* **RECORDS PROVIDED**

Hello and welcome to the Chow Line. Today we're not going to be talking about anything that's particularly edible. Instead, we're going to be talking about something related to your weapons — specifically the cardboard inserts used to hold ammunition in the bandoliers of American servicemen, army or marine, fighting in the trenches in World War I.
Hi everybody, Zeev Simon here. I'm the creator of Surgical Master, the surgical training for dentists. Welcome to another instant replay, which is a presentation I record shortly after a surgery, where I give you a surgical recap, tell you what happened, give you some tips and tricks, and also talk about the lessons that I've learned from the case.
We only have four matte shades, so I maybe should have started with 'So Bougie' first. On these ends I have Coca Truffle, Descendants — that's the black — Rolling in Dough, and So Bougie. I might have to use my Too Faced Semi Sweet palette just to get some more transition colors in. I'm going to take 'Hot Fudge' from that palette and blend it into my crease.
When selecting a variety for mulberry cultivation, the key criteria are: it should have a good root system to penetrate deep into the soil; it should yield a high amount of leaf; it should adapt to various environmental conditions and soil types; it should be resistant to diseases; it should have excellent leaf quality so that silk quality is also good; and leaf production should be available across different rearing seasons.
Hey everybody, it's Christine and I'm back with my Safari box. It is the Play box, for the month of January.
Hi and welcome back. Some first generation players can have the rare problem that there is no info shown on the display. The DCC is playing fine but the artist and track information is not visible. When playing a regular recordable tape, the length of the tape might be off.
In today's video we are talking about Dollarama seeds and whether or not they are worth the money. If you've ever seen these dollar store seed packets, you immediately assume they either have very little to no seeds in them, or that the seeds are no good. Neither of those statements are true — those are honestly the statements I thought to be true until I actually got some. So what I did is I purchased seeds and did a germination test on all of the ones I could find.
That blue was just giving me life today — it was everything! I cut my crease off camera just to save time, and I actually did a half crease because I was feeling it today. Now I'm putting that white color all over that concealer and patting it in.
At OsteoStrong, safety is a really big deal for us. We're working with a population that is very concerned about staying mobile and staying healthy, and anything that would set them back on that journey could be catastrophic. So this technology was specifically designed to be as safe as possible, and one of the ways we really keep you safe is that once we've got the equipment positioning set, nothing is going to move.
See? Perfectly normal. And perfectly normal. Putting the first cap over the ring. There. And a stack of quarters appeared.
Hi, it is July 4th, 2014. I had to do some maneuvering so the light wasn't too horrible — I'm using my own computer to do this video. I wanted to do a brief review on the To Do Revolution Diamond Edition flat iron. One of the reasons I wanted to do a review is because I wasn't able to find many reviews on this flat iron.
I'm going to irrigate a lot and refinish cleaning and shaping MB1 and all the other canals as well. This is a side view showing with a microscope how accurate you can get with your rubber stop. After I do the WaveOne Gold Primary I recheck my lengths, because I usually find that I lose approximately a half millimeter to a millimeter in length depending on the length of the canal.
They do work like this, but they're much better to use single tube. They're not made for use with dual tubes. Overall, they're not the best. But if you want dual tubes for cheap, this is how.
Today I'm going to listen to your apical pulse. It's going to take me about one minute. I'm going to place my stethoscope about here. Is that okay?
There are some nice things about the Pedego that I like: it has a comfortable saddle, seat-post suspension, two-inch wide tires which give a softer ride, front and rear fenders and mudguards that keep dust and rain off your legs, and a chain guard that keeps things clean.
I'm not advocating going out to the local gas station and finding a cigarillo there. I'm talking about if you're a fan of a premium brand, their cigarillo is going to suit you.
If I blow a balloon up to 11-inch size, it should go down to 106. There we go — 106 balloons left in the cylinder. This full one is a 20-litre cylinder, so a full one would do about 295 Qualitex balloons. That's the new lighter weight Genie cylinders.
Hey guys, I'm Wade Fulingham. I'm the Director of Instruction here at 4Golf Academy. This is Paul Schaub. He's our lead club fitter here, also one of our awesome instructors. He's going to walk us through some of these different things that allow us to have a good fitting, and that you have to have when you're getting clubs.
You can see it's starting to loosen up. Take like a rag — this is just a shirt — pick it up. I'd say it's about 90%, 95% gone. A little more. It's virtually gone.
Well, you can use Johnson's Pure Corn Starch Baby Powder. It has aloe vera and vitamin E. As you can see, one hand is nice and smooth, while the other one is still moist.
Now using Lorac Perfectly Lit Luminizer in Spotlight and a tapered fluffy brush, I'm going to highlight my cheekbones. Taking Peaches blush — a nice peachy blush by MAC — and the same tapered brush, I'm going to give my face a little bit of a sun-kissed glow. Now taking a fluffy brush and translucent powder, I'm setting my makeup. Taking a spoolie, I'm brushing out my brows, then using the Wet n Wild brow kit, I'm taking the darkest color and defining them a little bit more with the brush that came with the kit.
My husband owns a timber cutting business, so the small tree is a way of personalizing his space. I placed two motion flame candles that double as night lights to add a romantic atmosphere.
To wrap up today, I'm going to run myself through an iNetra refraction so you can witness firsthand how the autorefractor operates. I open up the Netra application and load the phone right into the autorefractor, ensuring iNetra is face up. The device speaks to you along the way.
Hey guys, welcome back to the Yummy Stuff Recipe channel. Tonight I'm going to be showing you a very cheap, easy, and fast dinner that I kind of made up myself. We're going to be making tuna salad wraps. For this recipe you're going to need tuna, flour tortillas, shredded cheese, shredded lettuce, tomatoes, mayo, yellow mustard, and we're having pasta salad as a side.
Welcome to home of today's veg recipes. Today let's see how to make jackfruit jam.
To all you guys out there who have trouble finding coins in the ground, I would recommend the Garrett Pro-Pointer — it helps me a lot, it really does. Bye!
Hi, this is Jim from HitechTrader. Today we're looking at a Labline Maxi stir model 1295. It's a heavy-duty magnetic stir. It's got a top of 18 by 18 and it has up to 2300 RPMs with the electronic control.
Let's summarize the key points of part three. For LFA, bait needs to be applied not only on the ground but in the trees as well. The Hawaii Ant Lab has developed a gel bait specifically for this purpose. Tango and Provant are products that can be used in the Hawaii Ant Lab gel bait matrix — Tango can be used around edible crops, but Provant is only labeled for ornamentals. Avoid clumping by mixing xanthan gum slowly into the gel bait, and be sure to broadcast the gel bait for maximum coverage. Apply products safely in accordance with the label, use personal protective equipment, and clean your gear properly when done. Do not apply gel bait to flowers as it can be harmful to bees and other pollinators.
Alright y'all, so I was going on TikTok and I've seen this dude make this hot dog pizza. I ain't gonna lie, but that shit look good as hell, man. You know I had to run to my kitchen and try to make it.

* **TASK**
From the very first line of the records down to the line with "When selecting a", please write out each line exactly, including both ends and no other lines.

* **ANSWER FOR THIS EXERCISE**
Hello and welcome to the Chow Line. Today we're not going to be talking about anything that's particularly edible. Instead, we're going to be talking about something related to your weapons — specifically the cardboard inserts used to hold ammunition in the bandoliers of American servicemen, army or marine, fighting in the trenches in World War I.
Hi everybody, Zeev Simon here. I'm the creator of Surgical Master, the surgical training for dentists. Welcome to another instant replay, which is a presentation I record shortly after a surgery, where I give you a surgical recap, tell you what happened, give you some tips and tricks, and also talk about the lessons that I've learned from the case.
We only have four matte shades, so I maybe should have started with 'So Bougie' first. On these ends I have Coca Truffle, Descendants — that's the black — Rolling in Dough, and So Bougie. I might have to use my Too Faced Semi Sweet palette just to get some more transition colors in. I'm going to take 'Hot Fudge' from that palette and blend it into my crease.
When selecting a variety for mulberry cultivation, the key criteria are: it should have a good root system to penetrate deep into the soil; it should yield a high amount of leaf; it should adapt to various environmental conditions and soil types; it should be resistant to diseases; it should have excellent leaf quality so that silk quality is also good; and leaf production should be available across different rearing seasons.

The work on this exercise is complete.